[Stored items]

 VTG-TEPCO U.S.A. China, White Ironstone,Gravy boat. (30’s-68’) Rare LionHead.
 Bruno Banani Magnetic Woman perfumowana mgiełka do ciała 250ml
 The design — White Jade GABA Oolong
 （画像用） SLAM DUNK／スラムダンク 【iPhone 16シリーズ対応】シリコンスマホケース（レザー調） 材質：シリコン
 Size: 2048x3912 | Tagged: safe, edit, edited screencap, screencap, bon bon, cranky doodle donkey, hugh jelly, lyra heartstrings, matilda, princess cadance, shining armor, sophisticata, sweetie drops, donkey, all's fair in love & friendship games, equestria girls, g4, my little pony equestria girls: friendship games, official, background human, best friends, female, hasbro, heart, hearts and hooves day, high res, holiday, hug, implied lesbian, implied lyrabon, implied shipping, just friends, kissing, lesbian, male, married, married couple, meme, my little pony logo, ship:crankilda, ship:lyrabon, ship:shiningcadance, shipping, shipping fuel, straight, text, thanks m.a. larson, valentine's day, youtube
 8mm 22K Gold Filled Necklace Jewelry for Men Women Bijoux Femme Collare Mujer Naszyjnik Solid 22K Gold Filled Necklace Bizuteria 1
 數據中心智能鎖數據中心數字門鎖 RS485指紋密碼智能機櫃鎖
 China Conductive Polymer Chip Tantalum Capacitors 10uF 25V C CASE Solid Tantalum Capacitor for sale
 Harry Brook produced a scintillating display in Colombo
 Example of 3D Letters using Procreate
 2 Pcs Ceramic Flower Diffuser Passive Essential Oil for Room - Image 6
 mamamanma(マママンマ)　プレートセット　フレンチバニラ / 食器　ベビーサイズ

[DESCRIPTION OF THE TASK]:
In the entries above, find each line containing the string "China" and copy it.

[ANSWER BELOW]:
 VTG-TEPCO U.S.A. China, White Ironstone,Gravy boat. (30’s-68’) Rare LionHead.
 China Conductive Polymer Chip Tantalum Capacitors 10uF 25V C CASE Solid Tantalum Capacitor for sale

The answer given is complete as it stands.